The small sample sizes and low methodological quality of these comparative studies are likely explanations for the variability seen in these results. Although 3 RCTs assessed hydroxychloroquine as a treatment for COVID-19, they lacked placebo controls and neither patients nor clinicians were blinded to treatment assignment. The cohort studies had baseline differences between comparison groups; even when statistically adjusted, some major innate methodological weaknesses remained. Gautret and colleagues' cohort study (20) merits special mention because 6 of the 42 eligible patients without evaluable data on posttreatment day 6 were all in the hydroxychloroquine group. This included 4 patients who were still testing positive for SARS-CoV-2 on polymerase chain reaction assay the day before, which probably skewed the virologic clearance data. In addition, Yu and associates (24) derived their nested cohort from the clinical trial ChiCTR2000029605 (http://www.chictr.org.cn/showprojen.aspx?proj=49051), which assessed traditional Chinese dietary supplements; there were only 48 participants in the hydroxychloroquine group compared with 520 in the control group. The investigators did not state the distribution of the traditional Chinese dietary supplement regimen between groups.

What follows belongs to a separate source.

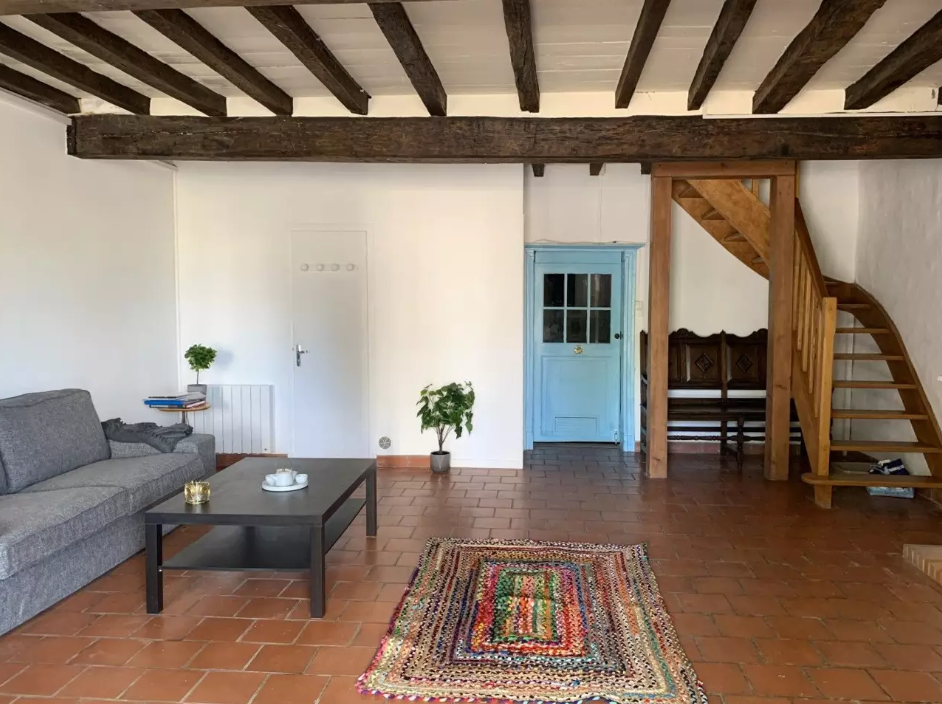 Maison, meublé, 3 pièces, 101m² à Le Pizou (24700) — photo 2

Thirty-five percent of patients assessed for efficacy or safety of hydroxychloroquine in our systematic review were from case series (30–36). Case series have no control group and, thus, no ability to compare the results with and without therapy. As such, the ability to extrapolate the effects from these case series to the clinical environment is very low.

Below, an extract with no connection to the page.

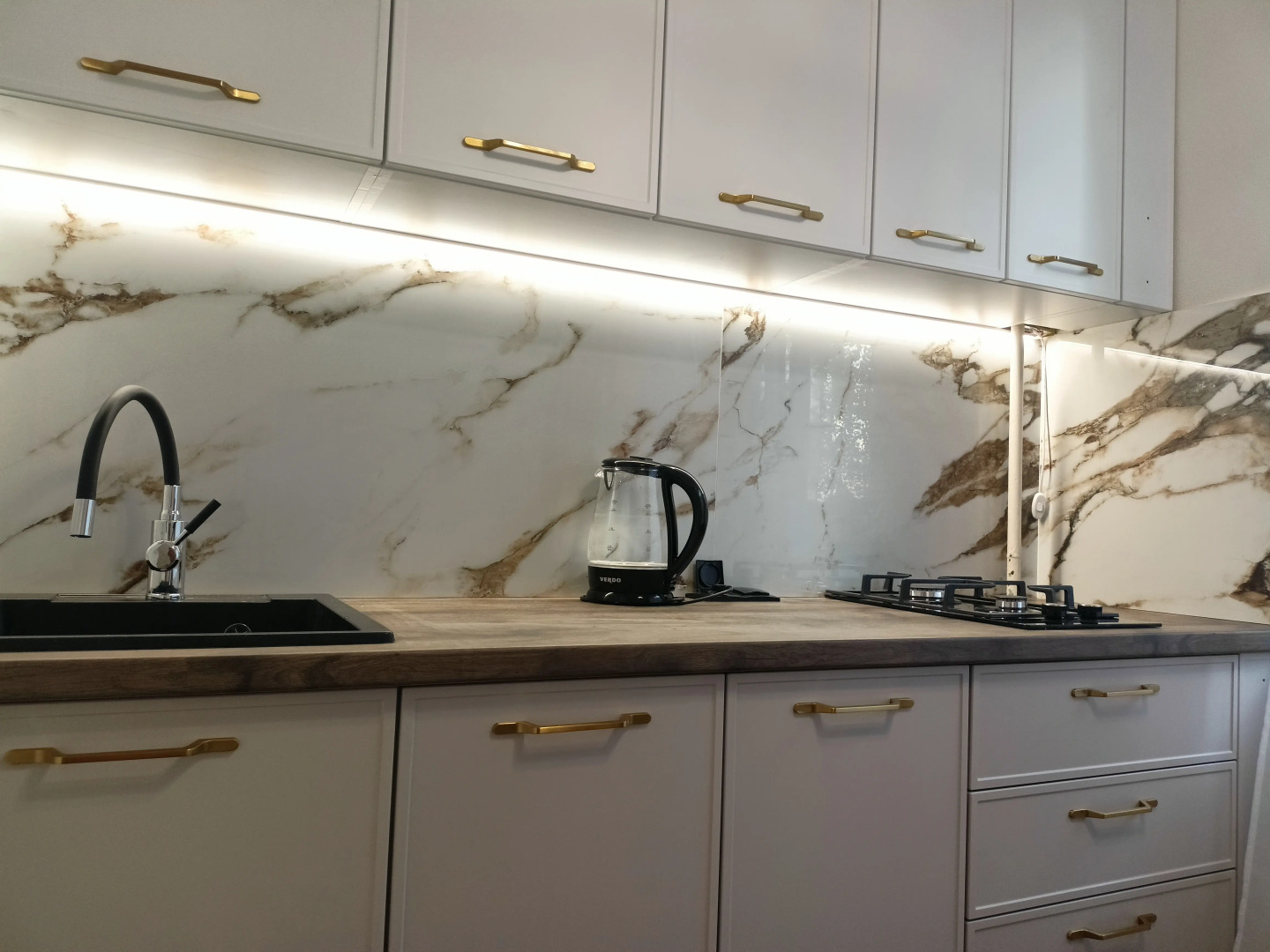 Апартаменты Квартира на Музее Янтаря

Multiple studies showed that 1% to 18% of patients receiving hydroxychloroquine experienced a severe increase in the QTc interval (22, 32, 34–37). The QTc interval prolongation may be worse when azithromycin is combined with hydroxychloroquine. This association between hydroxychloroquine and QTc interval prolongation is bolstered by indirect evidence from patients without COVID-19, where the product labeling specifically says that QTc interval prolongation and torsade de pointes have been reported. In a 2018 systematic review (40), 86 articles assessing severe adverse events experienced by patients receiving hydroxychloroquine or chloroquine were included. Overall, 85% of the people without COVID-19 reporting adverse events experienced arrhythmias. The American Heart Association, American College of Cardiology, and Heart Rhythm Society (41) have specifically identified concern about QTc interval prolongation and steps to mitigate the risk when hydroxychloroquine is used to treat patients with COVID-19. On 24 April 2020, the U.S. Food and Drug Administration released a warning against use of hydroxychloroquine or chloroquine for COVID-19 outside the hospital setting or a clinical trial due to the risk of heart rhythm problems (42).

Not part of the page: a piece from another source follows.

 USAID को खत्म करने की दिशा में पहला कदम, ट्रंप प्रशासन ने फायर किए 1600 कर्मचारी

There are now 2 studies assessing both the efficacy and safety of chloroquine (17, 18, 28) and 2 case series (37, 38) assessing its QTc interval effects. Borba and coworkers (17, 18) assessed COVID-19 treatment with higher- versus lower-dose chloroquine therapy; the study was stopped early, after a preliminary analysis found lackluster benefits and troubling but nonsignificant increases in all-cause mortality, ICU admission, mechanical ventilation, QTc interval prolongation, and ventricular arrhythmias with higher-dose therapy. Because the trial was stopped at such an early stage, the differences between groups could be caused, in part or in whole, by chance. However, the prescribing information for both chloroquine and hydroxychloroquine states that excessive acute dosing can lead to cardiovascular collapse, shock, and respiratory arrest (43, 44). Huang and associates (28) assessed chloroquine versus nonchloroquine control and found some small improvements in time to fever resolution and virologic clearance, but no effect on all-cause mortality or ICU admission. These potential benefits need to be weighed against the 23% of patients in van den Broek and colleagues' case series (38) who experienced a QTc interval greater than 500 ms (37).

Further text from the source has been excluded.